Lyft CTO Chris Lambert spoke about how Lyft uses rider data to improve their operations and customer service. One of the more intereting things that Chris talked about was the interrelationship between the algorithms they use – particularly pricing and availability algorithms, and how adjustments to one can dramatically effect the other.

For example, if you were to allow a pricing algorithm to determine optimal pricing at a given time, it might recommend a fixed price for all rides that is relatively low. He then discussed how this could impact earnings if they were to subsequently optimize by driver availability. My description is sort of vague but the general idea is that if you have multiple data-driven optimization algorithms, you have to pay close attention to what is running when.

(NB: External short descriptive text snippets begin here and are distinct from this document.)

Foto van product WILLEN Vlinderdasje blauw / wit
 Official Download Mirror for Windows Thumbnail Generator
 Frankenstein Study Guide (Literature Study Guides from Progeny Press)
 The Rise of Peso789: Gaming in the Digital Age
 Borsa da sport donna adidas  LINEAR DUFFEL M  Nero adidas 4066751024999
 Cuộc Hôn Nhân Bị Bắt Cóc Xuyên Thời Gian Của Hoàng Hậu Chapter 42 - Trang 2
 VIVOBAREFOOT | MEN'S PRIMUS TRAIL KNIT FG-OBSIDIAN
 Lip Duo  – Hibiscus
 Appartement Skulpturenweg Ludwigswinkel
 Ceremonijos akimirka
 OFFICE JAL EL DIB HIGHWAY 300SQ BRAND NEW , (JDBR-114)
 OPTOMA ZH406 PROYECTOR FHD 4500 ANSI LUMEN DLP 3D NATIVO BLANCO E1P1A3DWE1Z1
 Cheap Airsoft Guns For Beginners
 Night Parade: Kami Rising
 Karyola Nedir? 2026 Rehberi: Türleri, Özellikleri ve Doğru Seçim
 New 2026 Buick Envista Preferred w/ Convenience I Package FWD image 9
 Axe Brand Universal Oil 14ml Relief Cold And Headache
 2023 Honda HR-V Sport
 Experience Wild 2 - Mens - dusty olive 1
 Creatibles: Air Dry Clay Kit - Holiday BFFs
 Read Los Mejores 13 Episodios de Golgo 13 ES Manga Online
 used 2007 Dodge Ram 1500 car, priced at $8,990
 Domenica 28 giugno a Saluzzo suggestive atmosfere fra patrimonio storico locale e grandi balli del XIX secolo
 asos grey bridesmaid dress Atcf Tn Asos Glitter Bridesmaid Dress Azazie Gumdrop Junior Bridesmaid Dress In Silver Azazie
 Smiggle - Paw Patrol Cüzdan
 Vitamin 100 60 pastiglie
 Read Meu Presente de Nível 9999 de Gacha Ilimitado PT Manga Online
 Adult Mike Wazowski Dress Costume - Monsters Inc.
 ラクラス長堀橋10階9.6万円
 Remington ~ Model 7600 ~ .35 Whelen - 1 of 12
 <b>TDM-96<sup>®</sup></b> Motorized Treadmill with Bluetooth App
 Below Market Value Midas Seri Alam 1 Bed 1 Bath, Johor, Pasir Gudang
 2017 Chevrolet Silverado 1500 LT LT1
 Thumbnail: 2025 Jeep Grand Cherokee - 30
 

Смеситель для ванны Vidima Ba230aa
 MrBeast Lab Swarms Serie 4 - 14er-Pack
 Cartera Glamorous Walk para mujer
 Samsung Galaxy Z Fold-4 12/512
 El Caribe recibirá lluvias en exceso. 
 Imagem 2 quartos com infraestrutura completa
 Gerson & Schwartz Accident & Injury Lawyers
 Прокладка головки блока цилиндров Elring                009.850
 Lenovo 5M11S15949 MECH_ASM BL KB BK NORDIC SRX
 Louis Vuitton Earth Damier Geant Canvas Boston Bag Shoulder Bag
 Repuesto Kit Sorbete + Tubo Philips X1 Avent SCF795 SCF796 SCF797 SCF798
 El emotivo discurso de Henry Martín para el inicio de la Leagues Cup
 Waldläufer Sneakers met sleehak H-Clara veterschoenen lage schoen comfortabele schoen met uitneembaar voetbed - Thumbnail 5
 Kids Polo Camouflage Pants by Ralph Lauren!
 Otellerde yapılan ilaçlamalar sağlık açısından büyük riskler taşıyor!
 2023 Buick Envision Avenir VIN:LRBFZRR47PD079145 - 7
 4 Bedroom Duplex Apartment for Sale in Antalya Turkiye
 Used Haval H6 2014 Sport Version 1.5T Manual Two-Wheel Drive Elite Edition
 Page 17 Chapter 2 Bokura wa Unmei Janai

Chris also discussed their simulation platform, which uses historical rider data to allow their engineers to thoroughly test changes throughout their services by simulating a real-time environment such as San Francisco or NYC. Finally, he mentioned using natural language processing for customer support tickets, to properly categorize the nature of each piece of customer feedback in order to better priortize and respond. So, data science for help desk tickets. I wonder if they can automate the free / discounted rides based on negative experiences?

Etsy

Etsy data scientist Kamelia Aryafar spoke about the challenges Etsy faces in gathering and using data on the listing and sale of such a wide variety of items. With 21 million buyers and 1.4 million sellers of products ranging from vintage bags to steampunk-inspired desk lamps and watches made from old computer motherboards, they had to figure out a sensical way to categorize their data. She went over techniques such as Matrix Factorization, Latent Dirichlet Allocation (LDA), and a lot of A/B testing.

You can view more information about Kamelia’s talk on her github.

Baidu Research

Andrew Ng talked about a lot of over-my-head stuff on deep learning. They utilized deep learning based image recognition technology to develop a wearable computer / camera for the blind, to assist blind people with recognizing the world around them. They also built an app called FaceYou for iPhone, which uses your phone’s camera to alter your face in realtime. Unfortunately Android users are out of luck :\

Summary

I think a couple of these talks in isolation would’ve been worth the entry fee, so if you’re interested in this kind of stuff, maybe go to the Extract conference next year. I’ll be there!

/ty

Written on November 2, 2015